Hello, starling.

The Visulite Theatre in Charlotte, N.C., is hidden among a quaint strip of restaurants and shops with clever names and quirky signs.
The shabby marquee quietly heralded the night’s co-billed Josh Ritter and Gomez show, and a small cluster of people stood outside with the door staff, smoking outside. We parked across the street; I locked my purse and phone in the trunk. Lip gloss, drink money and good company was all I needed.

Leading up to the concert: A long, sunny walk to delicious Southern brunch (fried, syrup-soaked corn cakes? yes, please). Nail-biting basketball games.

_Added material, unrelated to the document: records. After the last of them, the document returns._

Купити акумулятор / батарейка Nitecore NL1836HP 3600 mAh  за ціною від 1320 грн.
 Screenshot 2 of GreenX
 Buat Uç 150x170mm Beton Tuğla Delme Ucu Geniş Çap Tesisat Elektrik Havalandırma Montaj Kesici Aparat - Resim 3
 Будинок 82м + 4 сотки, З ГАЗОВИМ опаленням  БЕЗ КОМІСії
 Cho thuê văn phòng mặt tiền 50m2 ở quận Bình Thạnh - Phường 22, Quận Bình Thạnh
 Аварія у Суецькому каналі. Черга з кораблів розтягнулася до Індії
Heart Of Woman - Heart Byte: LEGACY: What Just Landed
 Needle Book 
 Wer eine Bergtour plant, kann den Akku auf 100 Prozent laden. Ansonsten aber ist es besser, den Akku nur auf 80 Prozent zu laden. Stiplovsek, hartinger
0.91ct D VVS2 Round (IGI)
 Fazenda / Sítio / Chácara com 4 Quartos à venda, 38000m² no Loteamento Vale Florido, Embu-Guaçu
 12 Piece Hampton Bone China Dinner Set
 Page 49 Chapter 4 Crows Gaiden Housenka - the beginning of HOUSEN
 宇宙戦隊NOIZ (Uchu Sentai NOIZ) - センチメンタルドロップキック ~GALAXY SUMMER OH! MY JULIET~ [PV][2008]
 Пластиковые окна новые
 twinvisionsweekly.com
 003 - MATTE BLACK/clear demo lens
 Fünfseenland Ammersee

Pizza and people watching on a shady downtown patio. And a fast highway drive spent belting lyrics to Led Zeppelin, Toad the Wet Sprocket and MC Hammer’s “U Can’t Touch This” (my, my, my, my!).
In a few fleeting moments that day, I managed to forget everything else in my head and just be content. The sun warmed my face; laughter spread from my toes all the way up to my teeth.

Inside the Visulite, I sipped my gin and tonic as we strolled easily to the front of the crowd. As the audience filled in, we inched closer, lips grazing ears when we spoke. We traded concert stories — well, I listened to him tell concert stories; he talks a lot — and eavesdropped on conversations around us. From members of what would come to be known as the most obnoxious audience ever to attend a concert. (Who still yells “Free Bird!!” during every lull in applause? Really?)
For the first time in a while, I was flying blind going into the show: I had no idea what the band members even looked like, and I knew only a few songs by each act. So when the lights went down for the first headliner, it took me a moment to realize that the lanky man on stage with fuzzy hair and a joker’s grin was Josh Ritter. For the next hour, I lost myself in that smile and boundless enthusiasm; I danced like a moron to “Rumors,” one of my new favorite songs, and sang along to numbers I’d never heard. Even the banshee shrieks of the fangirls behind us faded into the background of my glee.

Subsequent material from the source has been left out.